:: Supplied information ::

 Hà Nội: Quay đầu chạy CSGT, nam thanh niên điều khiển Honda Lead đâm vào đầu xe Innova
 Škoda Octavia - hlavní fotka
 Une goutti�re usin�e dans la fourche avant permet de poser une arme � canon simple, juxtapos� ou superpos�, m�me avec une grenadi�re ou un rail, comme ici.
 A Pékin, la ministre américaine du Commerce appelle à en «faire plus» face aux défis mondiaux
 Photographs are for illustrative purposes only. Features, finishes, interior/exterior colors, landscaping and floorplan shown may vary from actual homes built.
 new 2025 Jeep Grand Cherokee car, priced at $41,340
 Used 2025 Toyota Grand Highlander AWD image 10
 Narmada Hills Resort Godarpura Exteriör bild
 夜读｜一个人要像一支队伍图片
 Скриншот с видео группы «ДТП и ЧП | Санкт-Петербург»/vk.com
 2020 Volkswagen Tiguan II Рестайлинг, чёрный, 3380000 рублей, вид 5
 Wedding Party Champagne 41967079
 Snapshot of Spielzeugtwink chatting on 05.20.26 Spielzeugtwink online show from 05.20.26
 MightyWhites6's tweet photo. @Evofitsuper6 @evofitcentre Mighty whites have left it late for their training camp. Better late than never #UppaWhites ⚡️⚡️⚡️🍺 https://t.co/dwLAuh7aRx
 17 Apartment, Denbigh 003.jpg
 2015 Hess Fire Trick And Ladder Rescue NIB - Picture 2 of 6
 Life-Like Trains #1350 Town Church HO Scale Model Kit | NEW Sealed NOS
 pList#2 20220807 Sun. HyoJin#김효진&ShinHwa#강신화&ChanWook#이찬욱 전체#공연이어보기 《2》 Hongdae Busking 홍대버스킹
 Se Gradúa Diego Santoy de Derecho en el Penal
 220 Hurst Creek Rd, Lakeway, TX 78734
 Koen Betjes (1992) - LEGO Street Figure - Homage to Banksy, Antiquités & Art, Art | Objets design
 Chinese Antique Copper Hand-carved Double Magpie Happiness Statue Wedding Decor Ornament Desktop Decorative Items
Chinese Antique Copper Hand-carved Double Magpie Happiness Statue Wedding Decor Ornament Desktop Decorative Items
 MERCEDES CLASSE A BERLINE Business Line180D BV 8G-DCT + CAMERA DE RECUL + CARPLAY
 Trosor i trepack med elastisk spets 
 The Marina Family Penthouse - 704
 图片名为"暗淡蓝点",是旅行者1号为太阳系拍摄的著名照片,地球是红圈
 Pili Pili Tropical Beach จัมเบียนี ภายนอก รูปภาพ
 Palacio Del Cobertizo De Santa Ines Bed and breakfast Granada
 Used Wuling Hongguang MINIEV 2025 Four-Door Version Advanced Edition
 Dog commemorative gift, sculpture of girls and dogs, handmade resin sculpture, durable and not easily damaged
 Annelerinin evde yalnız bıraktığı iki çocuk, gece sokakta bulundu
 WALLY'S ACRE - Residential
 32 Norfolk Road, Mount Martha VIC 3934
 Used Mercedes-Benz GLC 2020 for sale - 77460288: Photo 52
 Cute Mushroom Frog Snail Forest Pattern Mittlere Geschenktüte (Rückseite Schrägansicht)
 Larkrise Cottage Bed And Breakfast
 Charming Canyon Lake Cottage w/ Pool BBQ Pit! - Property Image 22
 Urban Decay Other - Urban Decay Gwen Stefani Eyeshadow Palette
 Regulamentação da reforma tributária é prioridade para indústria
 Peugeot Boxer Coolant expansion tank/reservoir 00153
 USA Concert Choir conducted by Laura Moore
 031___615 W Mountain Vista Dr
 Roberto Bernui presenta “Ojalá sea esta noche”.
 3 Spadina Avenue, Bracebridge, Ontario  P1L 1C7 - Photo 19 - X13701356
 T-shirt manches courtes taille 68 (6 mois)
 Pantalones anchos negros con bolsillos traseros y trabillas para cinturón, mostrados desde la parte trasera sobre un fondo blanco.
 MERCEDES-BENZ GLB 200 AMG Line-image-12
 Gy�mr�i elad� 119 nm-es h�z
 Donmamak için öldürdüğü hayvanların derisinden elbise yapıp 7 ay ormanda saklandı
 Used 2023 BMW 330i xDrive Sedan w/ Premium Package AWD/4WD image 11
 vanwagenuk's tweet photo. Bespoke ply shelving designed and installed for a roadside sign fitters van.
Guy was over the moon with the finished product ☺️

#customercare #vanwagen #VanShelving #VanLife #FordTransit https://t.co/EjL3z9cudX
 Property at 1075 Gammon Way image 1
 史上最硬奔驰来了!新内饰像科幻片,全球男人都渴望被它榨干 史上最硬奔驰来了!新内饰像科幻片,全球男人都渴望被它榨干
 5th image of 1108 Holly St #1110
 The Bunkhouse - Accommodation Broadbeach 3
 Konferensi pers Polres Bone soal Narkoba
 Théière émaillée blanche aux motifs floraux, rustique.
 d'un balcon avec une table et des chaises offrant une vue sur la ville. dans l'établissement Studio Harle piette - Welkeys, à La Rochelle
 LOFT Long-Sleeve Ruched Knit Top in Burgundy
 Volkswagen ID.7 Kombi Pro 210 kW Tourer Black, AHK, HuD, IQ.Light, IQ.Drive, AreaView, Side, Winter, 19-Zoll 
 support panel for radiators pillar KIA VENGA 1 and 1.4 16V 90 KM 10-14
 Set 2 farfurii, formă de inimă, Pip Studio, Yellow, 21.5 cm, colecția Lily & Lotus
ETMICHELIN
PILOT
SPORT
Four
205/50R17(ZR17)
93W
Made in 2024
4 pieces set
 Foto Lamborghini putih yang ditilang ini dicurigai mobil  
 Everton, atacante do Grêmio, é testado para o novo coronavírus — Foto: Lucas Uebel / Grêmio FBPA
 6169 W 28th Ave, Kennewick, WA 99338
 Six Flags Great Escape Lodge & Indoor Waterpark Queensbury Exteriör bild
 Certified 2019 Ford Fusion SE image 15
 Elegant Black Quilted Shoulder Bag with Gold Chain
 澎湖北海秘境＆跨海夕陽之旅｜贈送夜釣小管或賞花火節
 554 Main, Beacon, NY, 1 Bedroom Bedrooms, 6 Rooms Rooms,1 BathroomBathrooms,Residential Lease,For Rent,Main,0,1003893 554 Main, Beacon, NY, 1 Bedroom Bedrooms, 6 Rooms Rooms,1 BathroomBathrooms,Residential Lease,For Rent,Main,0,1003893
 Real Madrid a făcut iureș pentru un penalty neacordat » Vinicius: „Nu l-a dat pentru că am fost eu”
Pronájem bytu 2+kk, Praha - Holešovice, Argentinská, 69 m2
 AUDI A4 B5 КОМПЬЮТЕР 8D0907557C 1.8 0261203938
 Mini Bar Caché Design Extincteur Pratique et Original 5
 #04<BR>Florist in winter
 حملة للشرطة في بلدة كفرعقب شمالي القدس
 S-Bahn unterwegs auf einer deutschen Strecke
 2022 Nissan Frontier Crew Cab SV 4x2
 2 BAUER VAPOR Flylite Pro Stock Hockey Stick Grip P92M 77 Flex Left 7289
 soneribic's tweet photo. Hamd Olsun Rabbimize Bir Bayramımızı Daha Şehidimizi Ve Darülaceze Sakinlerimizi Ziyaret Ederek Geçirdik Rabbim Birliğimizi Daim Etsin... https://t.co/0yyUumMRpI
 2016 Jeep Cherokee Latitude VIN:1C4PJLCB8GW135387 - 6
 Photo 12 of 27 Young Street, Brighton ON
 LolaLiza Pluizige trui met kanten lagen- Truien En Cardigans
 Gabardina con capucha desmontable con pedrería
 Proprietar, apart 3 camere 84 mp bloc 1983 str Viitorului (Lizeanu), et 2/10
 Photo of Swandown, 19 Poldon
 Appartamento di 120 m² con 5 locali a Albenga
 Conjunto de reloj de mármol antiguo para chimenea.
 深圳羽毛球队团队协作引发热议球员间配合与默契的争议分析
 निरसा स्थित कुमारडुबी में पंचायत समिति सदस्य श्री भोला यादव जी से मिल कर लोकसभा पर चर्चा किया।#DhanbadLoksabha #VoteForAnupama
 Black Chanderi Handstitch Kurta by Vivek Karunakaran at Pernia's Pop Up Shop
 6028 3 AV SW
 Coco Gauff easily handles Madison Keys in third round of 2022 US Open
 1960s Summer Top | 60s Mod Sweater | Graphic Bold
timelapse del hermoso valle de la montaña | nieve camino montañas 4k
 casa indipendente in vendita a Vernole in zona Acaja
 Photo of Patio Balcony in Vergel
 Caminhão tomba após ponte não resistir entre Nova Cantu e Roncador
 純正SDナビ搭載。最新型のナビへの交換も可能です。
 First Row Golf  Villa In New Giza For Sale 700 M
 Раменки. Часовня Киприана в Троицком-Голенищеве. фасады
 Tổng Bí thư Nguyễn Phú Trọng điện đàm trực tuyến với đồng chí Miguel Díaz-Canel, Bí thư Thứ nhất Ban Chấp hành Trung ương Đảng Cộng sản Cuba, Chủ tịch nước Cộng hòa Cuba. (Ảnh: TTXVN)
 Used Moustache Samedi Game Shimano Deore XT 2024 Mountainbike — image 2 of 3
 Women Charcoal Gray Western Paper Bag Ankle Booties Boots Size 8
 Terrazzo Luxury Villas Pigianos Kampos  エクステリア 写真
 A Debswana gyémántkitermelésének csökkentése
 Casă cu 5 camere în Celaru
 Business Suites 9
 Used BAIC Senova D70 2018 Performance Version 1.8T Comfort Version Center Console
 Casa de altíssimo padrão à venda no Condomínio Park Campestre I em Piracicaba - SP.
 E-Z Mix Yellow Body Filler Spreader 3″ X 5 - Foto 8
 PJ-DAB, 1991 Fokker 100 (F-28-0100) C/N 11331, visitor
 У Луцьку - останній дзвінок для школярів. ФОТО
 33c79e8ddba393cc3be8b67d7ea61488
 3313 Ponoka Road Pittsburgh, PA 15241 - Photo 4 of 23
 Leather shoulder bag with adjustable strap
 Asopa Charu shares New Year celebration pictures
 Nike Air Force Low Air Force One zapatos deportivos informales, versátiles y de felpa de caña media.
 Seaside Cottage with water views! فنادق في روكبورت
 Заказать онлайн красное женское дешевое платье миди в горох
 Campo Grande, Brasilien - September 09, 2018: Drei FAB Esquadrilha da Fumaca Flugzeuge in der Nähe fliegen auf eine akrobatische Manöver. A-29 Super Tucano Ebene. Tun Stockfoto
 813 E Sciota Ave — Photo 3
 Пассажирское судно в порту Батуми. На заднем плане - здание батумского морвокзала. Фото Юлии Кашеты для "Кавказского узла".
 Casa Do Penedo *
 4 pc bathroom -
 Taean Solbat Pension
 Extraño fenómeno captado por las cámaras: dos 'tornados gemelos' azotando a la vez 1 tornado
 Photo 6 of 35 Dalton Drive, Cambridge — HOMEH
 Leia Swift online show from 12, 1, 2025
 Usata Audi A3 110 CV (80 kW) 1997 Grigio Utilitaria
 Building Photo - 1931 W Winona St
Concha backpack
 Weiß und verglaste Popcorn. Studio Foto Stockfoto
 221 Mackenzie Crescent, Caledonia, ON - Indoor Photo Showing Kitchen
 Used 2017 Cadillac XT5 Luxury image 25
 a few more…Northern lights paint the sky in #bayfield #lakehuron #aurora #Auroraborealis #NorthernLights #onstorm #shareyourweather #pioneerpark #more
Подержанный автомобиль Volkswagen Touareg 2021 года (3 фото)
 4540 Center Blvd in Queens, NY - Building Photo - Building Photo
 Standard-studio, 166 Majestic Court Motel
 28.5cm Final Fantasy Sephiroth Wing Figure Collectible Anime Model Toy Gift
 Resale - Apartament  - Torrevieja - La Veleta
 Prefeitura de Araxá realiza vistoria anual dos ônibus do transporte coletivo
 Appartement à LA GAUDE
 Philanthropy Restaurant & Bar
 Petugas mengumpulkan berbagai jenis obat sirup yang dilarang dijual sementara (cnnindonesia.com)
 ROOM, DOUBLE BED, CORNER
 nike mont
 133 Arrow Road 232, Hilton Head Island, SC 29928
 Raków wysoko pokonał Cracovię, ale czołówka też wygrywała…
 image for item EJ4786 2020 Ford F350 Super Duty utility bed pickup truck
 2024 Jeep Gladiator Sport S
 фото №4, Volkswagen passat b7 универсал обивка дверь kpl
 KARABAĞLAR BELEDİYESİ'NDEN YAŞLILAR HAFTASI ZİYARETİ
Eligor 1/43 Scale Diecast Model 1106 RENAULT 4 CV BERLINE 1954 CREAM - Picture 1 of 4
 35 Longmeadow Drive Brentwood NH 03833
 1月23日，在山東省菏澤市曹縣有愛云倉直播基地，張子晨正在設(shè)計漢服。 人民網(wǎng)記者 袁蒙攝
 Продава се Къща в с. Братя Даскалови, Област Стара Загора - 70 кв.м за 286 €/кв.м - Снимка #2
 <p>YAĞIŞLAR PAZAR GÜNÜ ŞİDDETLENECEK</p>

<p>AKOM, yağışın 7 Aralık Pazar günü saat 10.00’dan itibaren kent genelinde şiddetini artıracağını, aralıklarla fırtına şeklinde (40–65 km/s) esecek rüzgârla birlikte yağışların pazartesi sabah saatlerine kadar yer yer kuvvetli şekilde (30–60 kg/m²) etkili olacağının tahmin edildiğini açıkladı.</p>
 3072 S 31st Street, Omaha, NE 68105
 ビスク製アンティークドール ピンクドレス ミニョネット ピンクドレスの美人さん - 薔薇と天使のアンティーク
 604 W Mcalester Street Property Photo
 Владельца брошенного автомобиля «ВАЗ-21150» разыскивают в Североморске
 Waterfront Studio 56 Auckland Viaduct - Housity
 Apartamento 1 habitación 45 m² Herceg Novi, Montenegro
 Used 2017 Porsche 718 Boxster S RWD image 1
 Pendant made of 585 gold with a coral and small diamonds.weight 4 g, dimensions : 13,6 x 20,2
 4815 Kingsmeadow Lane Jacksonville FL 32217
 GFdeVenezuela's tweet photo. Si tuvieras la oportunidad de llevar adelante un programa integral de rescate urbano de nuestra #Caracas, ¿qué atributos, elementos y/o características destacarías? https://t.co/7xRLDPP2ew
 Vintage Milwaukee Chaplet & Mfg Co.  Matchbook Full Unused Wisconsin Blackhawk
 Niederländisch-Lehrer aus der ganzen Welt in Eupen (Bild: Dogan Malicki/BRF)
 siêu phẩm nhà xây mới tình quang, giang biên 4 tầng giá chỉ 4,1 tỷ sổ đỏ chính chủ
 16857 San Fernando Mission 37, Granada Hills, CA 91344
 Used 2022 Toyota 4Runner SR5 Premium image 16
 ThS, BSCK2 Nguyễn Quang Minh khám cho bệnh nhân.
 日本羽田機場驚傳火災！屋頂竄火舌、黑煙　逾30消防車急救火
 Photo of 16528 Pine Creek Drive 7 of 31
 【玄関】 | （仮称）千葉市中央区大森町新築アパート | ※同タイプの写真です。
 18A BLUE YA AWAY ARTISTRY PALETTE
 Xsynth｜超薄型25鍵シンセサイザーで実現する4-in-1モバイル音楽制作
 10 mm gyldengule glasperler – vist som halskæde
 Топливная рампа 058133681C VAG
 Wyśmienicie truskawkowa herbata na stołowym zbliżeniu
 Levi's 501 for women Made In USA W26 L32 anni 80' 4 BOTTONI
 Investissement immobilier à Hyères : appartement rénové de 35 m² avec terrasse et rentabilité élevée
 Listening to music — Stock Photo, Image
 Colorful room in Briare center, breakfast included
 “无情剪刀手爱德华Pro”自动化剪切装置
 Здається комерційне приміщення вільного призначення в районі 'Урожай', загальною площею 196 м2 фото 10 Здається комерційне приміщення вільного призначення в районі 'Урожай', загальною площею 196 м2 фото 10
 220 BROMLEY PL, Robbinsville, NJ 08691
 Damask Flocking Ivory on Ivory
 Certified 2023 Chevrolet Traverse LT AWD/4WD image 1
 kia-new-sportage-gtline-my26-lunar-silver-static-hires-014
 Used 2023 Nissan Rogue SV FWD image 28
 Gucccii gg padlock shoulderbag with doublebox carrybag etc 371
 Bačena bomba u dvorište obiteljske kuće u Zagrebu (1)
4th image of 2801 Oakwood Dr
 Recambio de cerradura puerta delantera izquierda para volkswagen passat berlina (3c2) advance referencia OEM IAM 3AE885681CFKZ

:::

*Exercise requirements*
Once the lines of the entries containing the word "Exteriör" have been counted, report the number alone.

*Response to the task*
2